#### Problem
The records below must be transcribed exactly, with each picture left out.

#### Data for the task
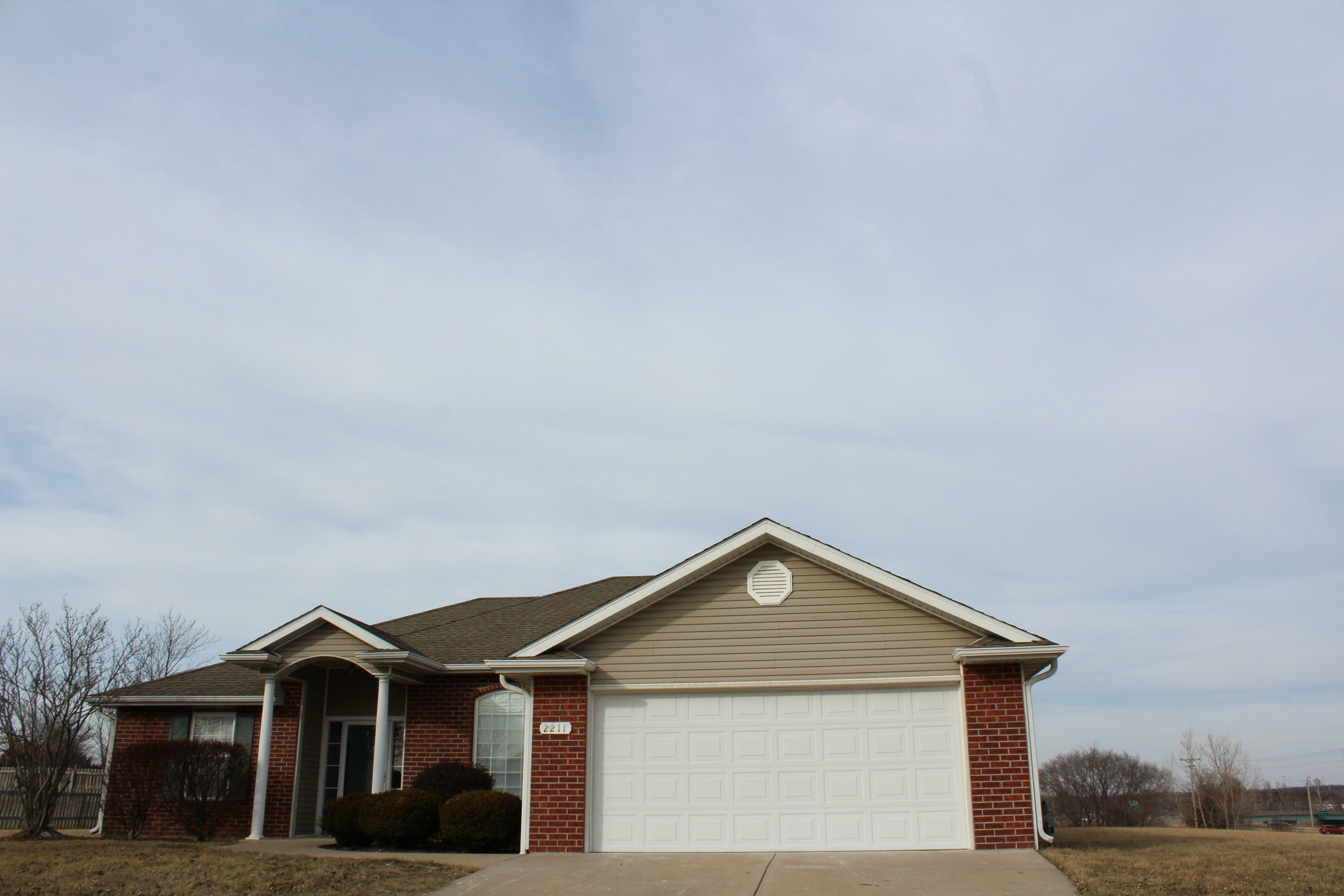 Property Photo:  2211 Faulkner Ct  MO 65202 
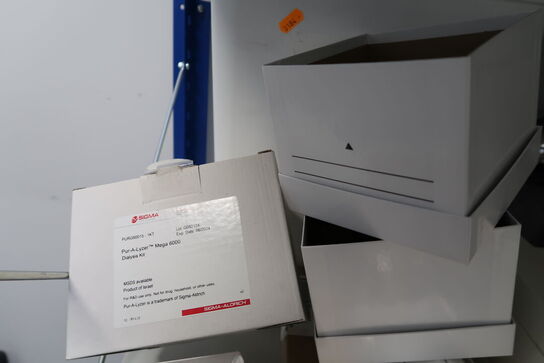 Div. Laboratorieudstyr bl.a. homogenisatorer m.m.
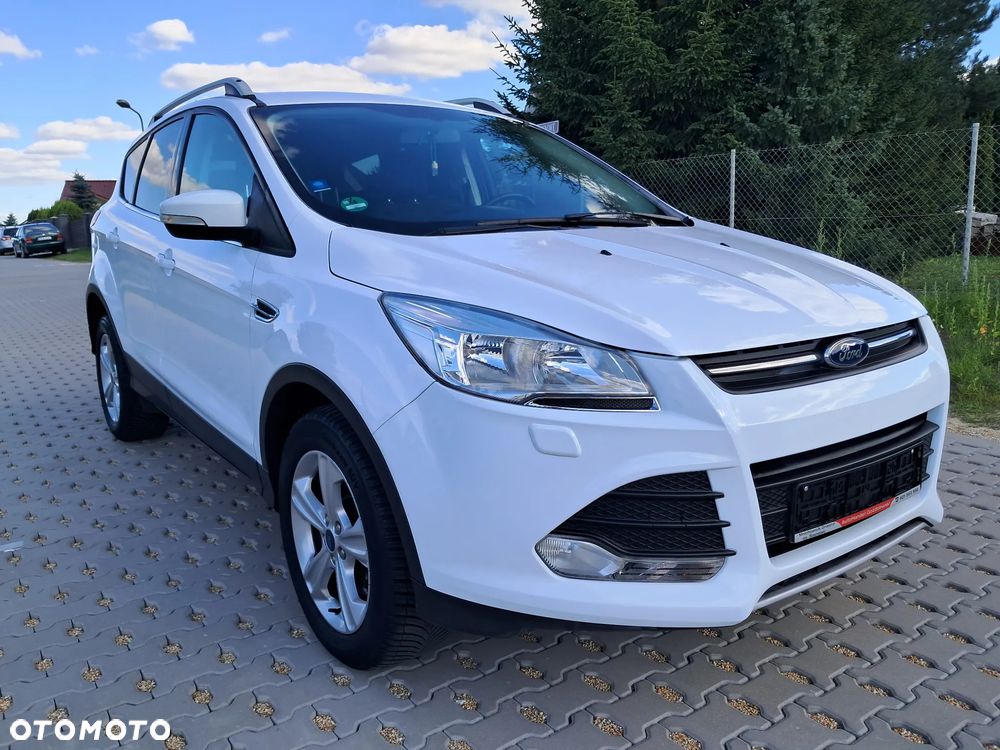 Ford Kuga 2.0 TDCi 2x4 Titanium - 10
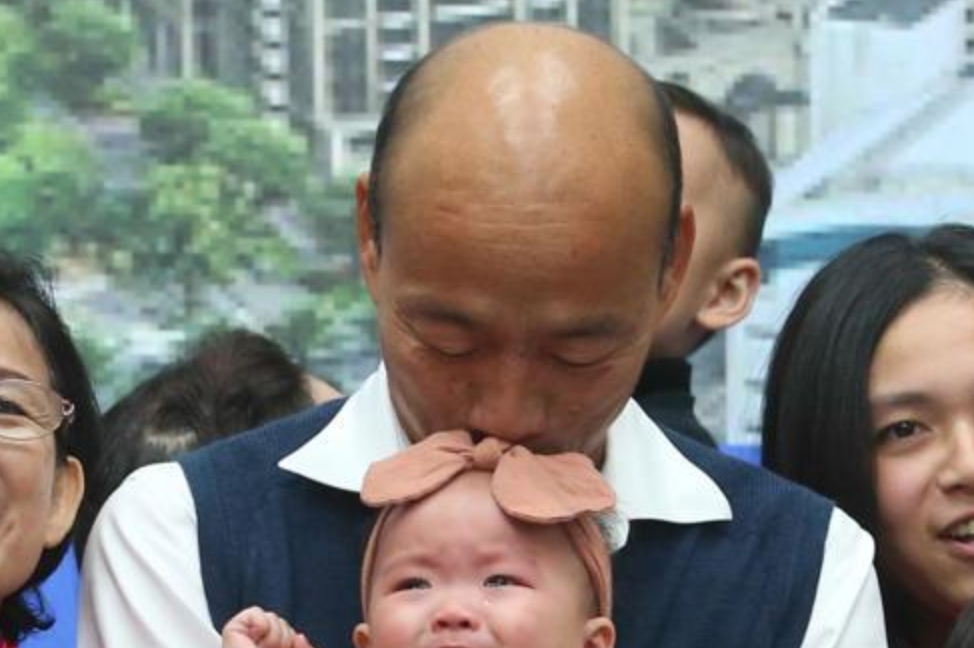韓國瑜抱大哭女嬰惹議 女嬰父親：他又不是流浪漢 | 聯合新聞網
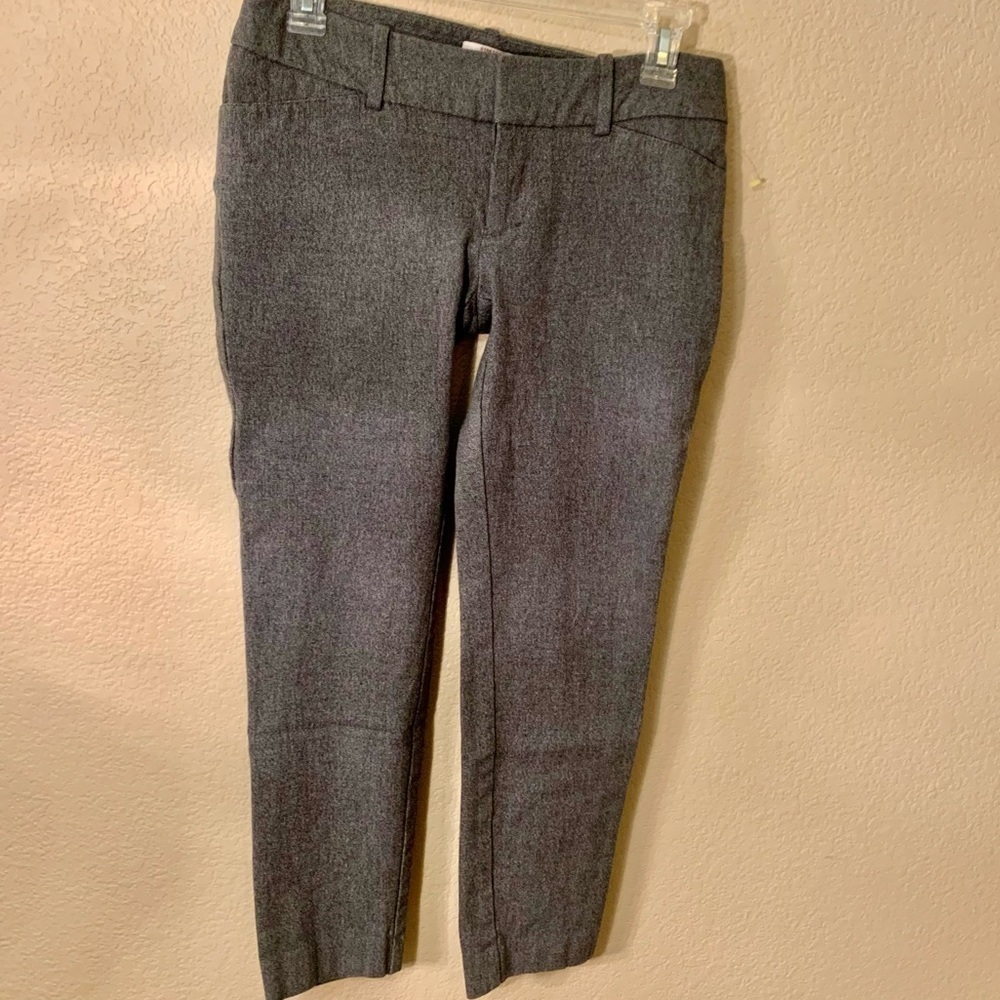Merona Crop Pants Size 2 Grey Stretch 95% Cotton 5% Spandex Dress Pants EUC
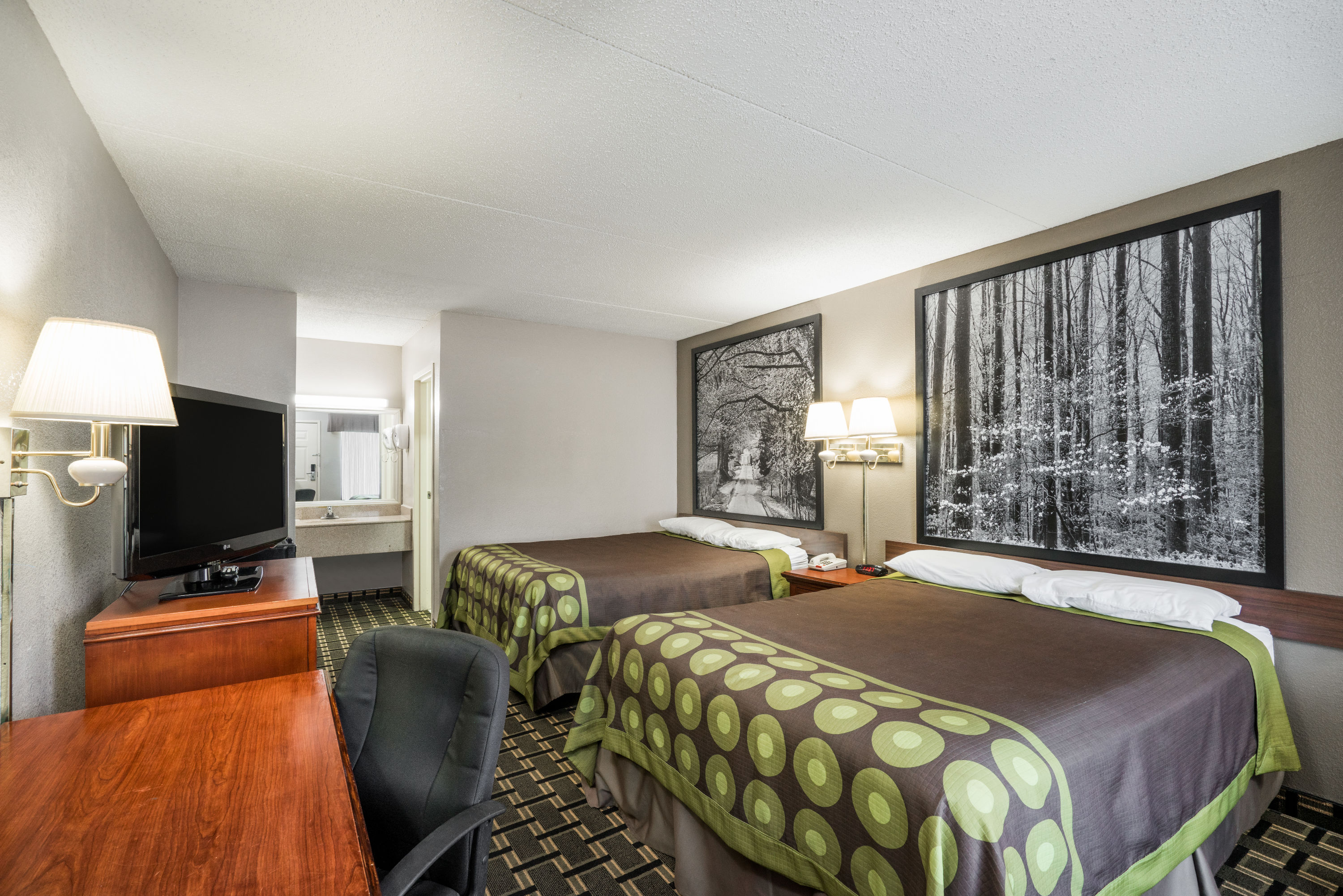 Guest room at the Super 8 by Wyndham Knoxville West/Farragut in Knoxville, Tennessee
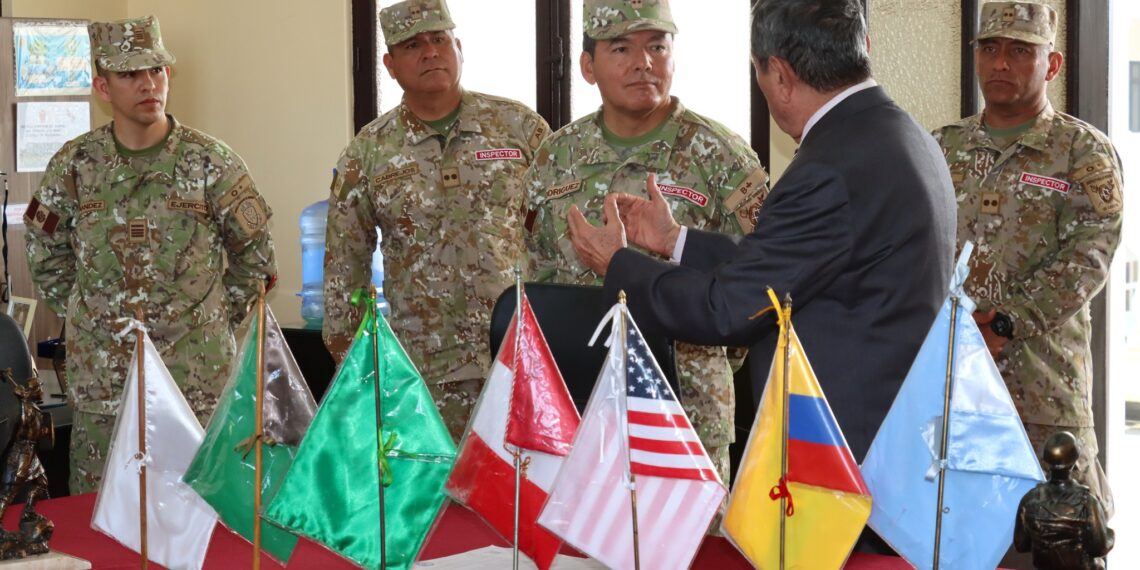 Inspector General del Ejército visitó a la ESGE-EPG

#### Exercise output
 Property Photo:  2211 Faulkner Ct  MO 65202 
 Div. Laboratorieudstyr bl.a. homogenisatorer m.m.
 Ford Kuga 2.0 TDCi 2x4 Titanium - 10
韓國瑜抱大哭女嬰惹議 女嬰父親：他又不是流浪漢 | 聯合新聞網
Merona Crop Pants Size 2 Grey Stretch 95% Cotton 5% Spandex Dress Pants EUC
 Guest room at the Super 8 by Wyndham Knoxville West/Farragut in Knoxville, Tennessee
 Inspector General del Ejército visitó a la ESGE-EPG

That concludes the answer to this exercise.